*** Opening of Information supplied ***

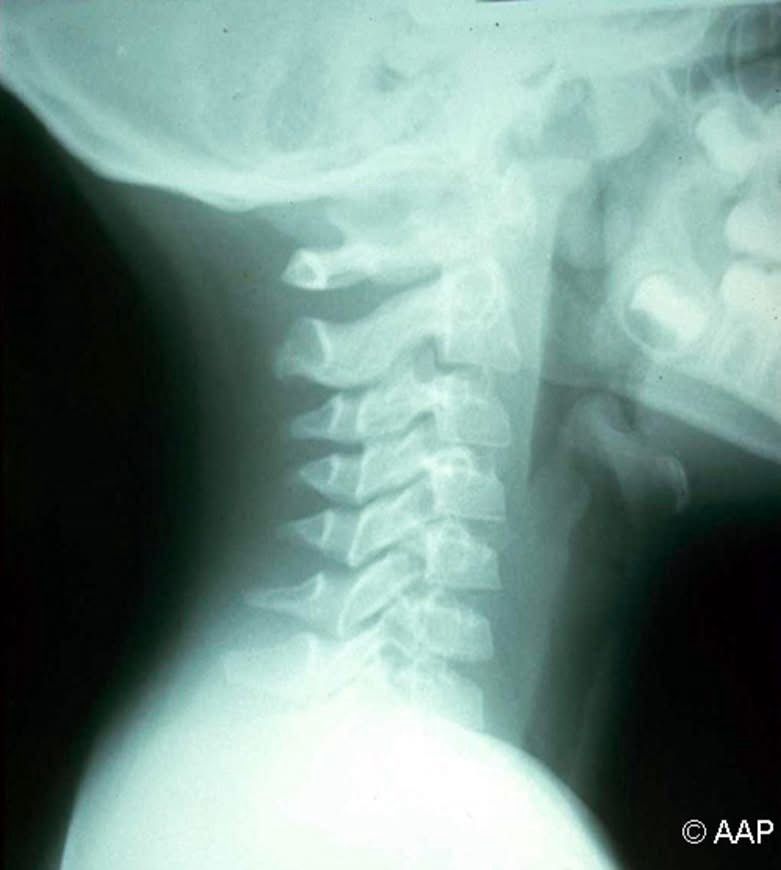 X Ray showing epiglottis 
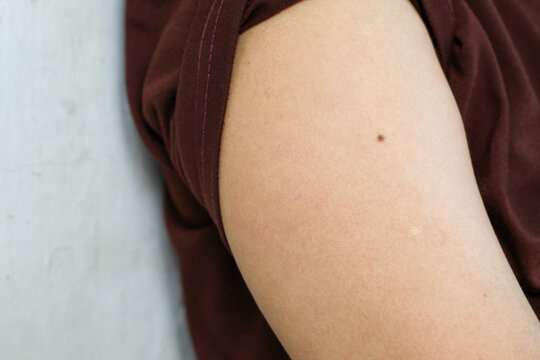 skin texture on the arm of a person who has a small dark brown mole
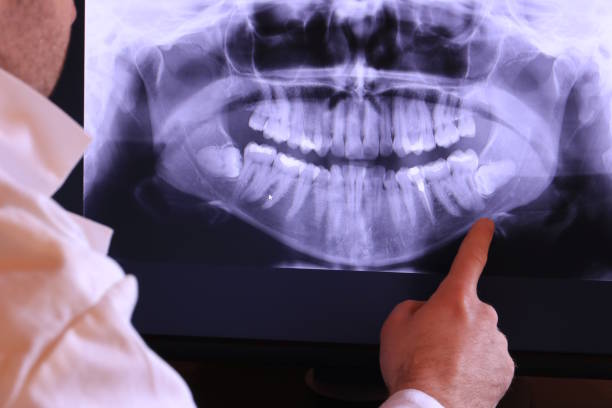 Best Mobile Emergency Dentist in Elgin, IL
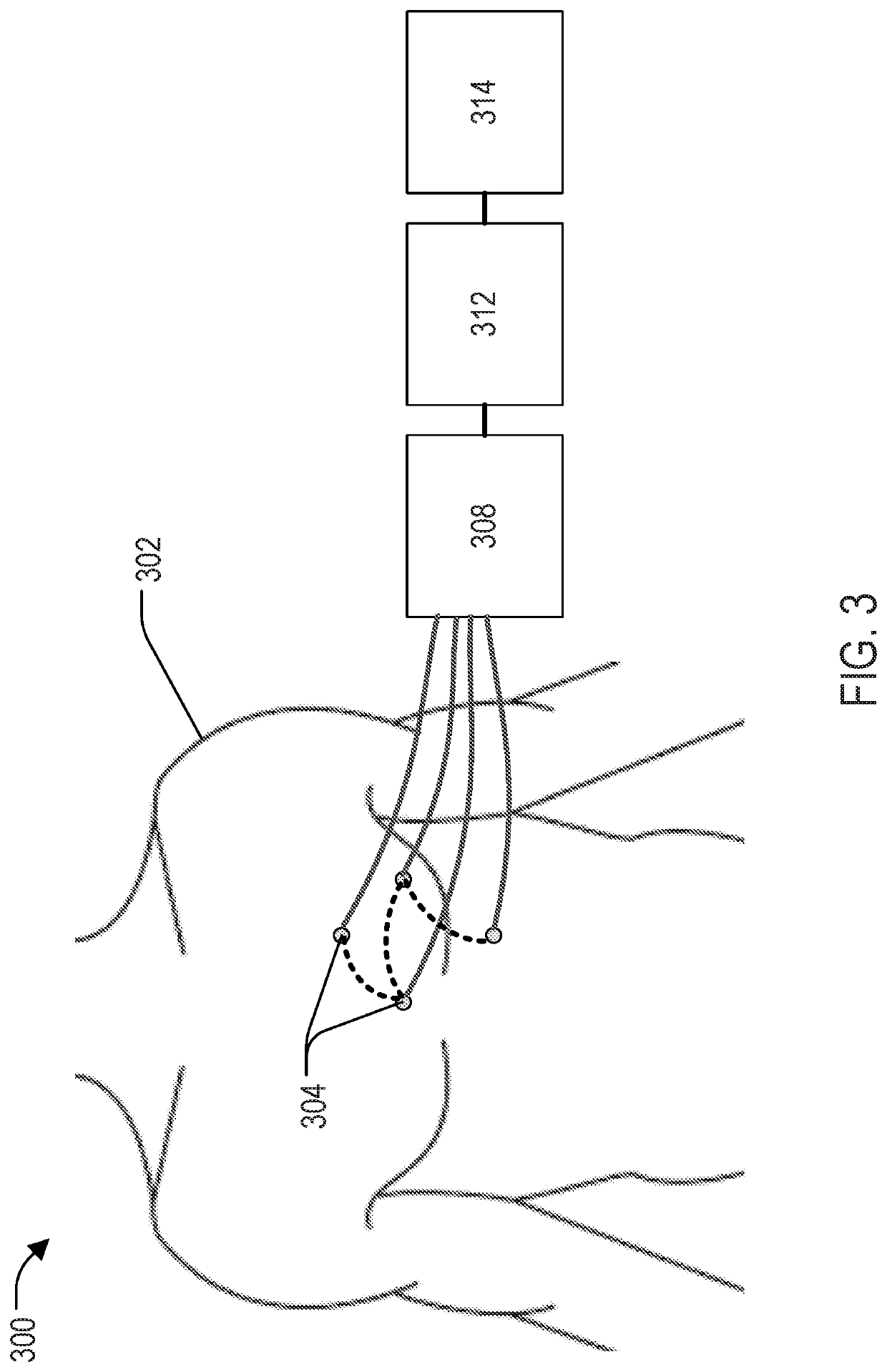 Systems and Methods for Controlling Imaging Artifacts Using an Array of Sensor Data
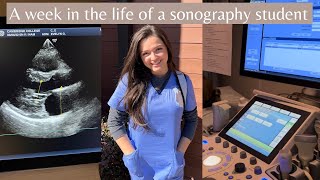 Week in the life of a Sonography Student [upl. by Lasky]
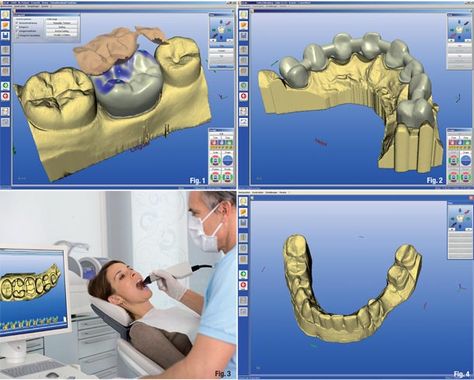 Cad/Cam dentistry... super cool.  brush your teeth so you don't need a crown... but if you do, look in to this Cad Cam Design, Dental Laser, Gum Surgery, Laser Dentistry, Laser Teeth Whitening, Dental Design, Dental Crowns, Cad Cam, A New World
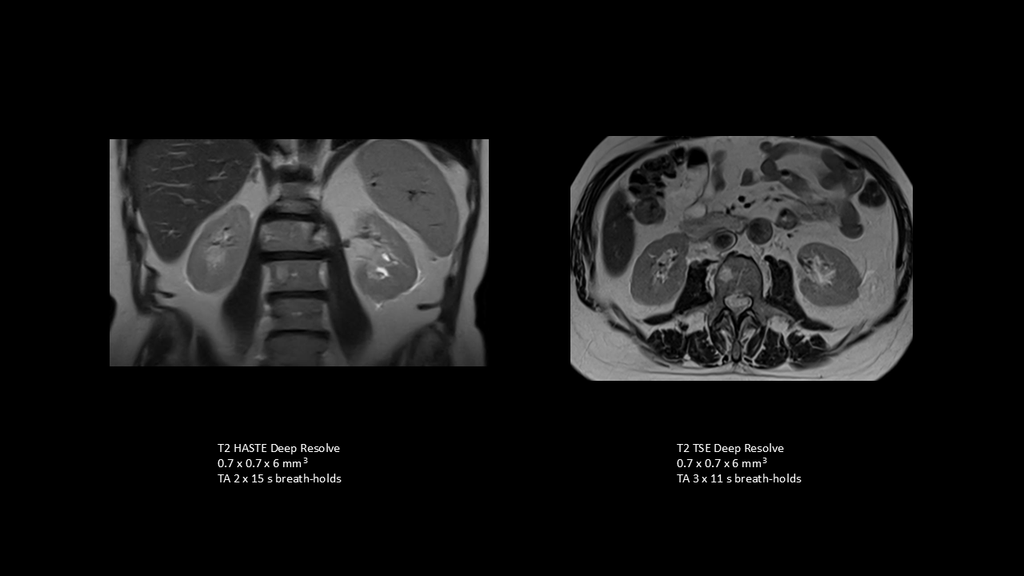 MAGNETOM Free.XL – Leading the way - Siemens Healthineers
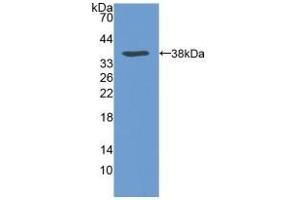 Detection of Recombinant VLDLR, Human using Polyclonal Antibody to Very Low Density Lipoprotein Receptor (VLDLR) (VLDLR 抗体  (AA 418-722))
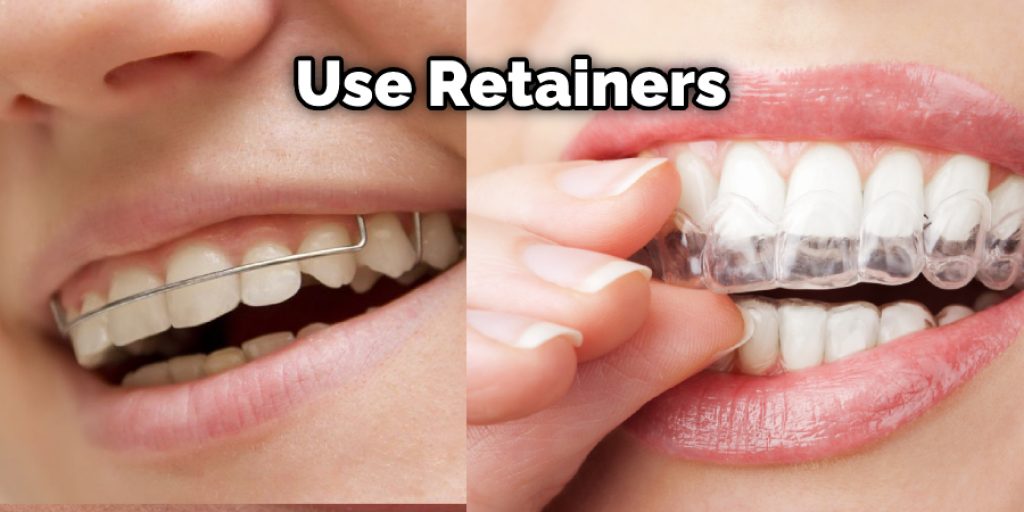 Many adults are going to adult braces to correct these issues without having to use retainers.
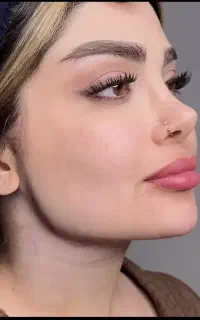 جشنواره تزریق تخصصی ژل لب و فرم دهی صورت 750 تومان
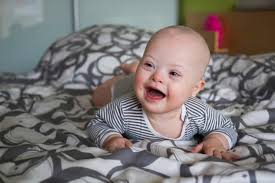 Ciri Ciri Down Syndrome Pada Bayi Dan Anak Yang Perlu Diwaspadai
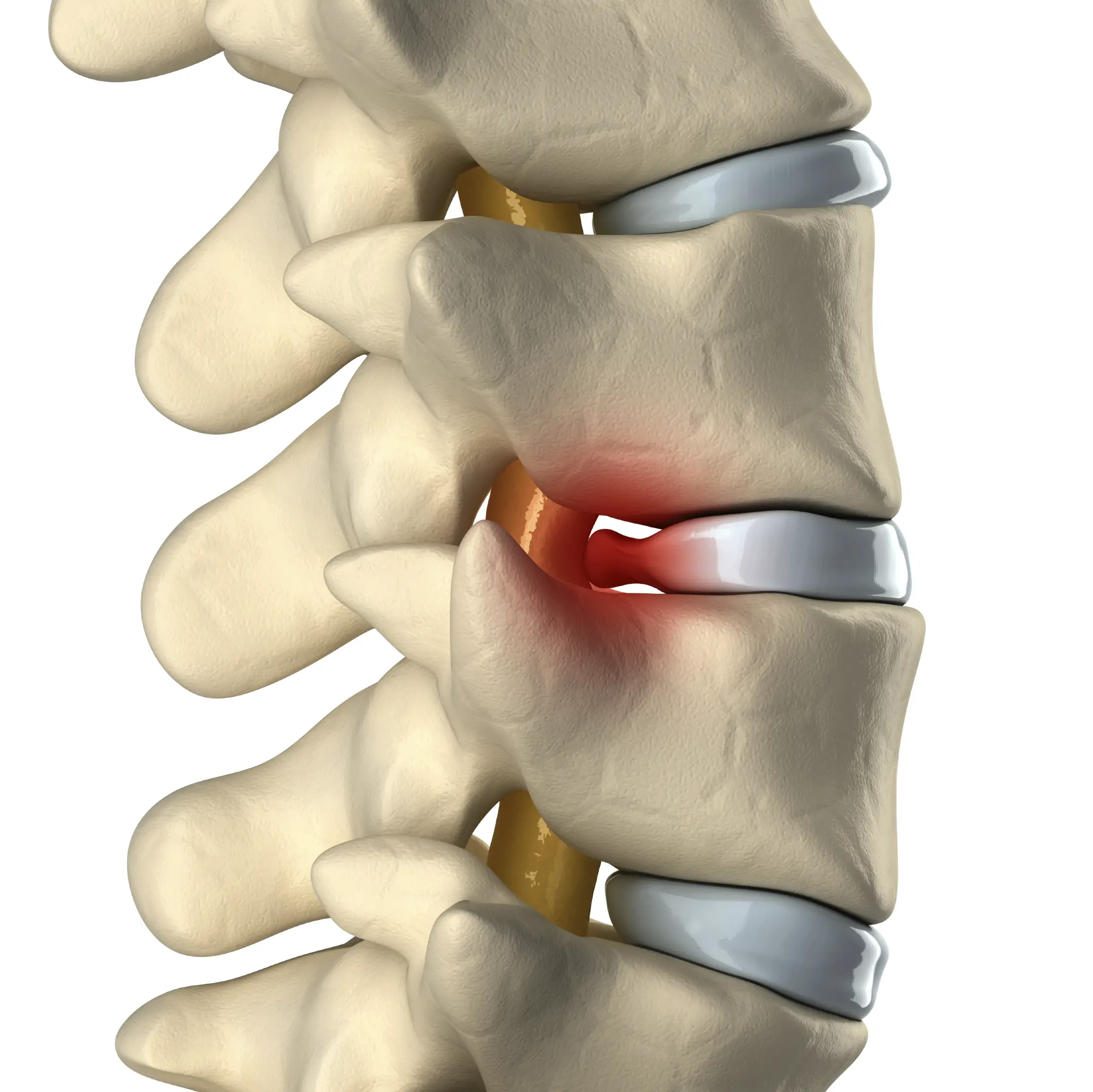 Herniated Disc / Bulging Disc / Protruding Disc  Michigan Spine &  Pain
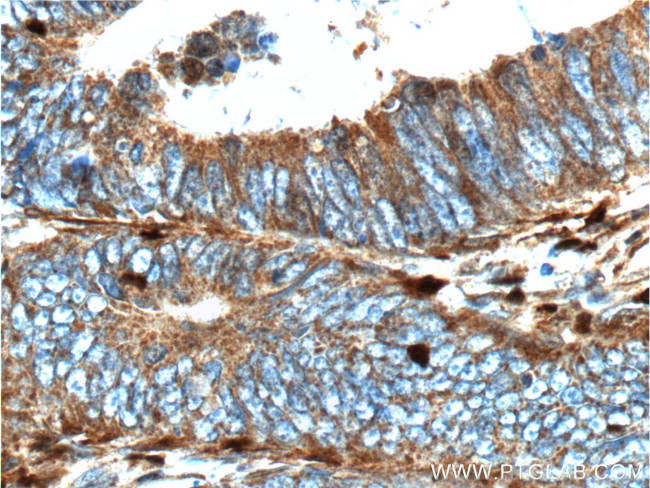 S100A4 Antibody in Immunohistochemistry (Paraffin) (IHC (P))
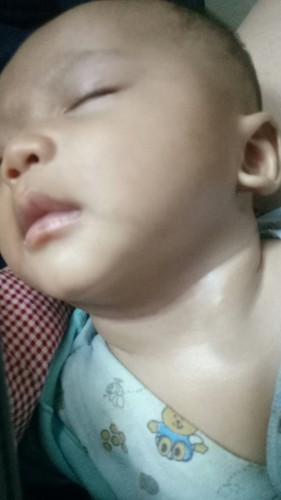 Apakah ada anak bunda yang mengalami Tortikolis?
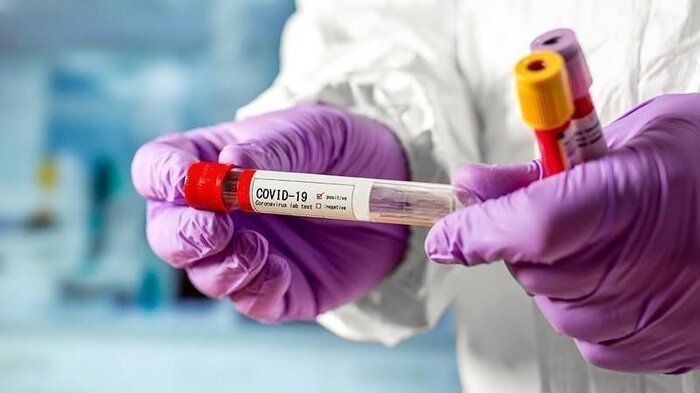 بازگشت کرونا به آسیای مرکزی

*** Close of Information supplied ***

> _Work item_
Give the records again exactly, pictures left out.

> _Solution to the exercise_
 X Ray showing epiglottis 
 skin texture on the arm of a person who has a small dark brown mole
 Best Mobile Emergency Dentist in Elgin, IL
 Systems and Methods for Controlling Imaging Artifacts Using an Array of Sensor Data
 Week in the life of a Sonography Student [upl. by Lasky]
 Cad/Cam dentistry... super cool.  brush your teeth so you don't need a crown... but if you do, look in to this Cad Cam Design, Dental Laser, Gum Surgery, Laser Dentistry, Laser Teeth Whitening, Dental Design, Dental Crowns, Cad Cam, A New World
 MAGNETOM Free.XL – Leading the way - Siemens Healthineers
 Detection of Recombinant VLDLR, Human using Polyclonal Antibody to Very Low Density Lipoprotein Receptor (VLDLR) (VLDLR 抗体  (AA 418-722))
 Many adults are going to adult braces to correct these issues without having to use retainers.
 جشنواره تزریق تخصصی ژل لب و فرم دهی صورت 750 تومان
 Ciri Ciri Down Syndrome Pada Bayi Dan Anak Yang Perlu Diwaspadai
 Herniated Disc / Bulging Disc / Protruding Disc  Michigan Spine &  Pain
 S100A4 Antibody in Immunohistochemistry (Paraffin) (IHC (P))
 Apakah ada anak bunda yang mengalami Tortikolis?
 بازگشت کرونا به آسیای مرکزی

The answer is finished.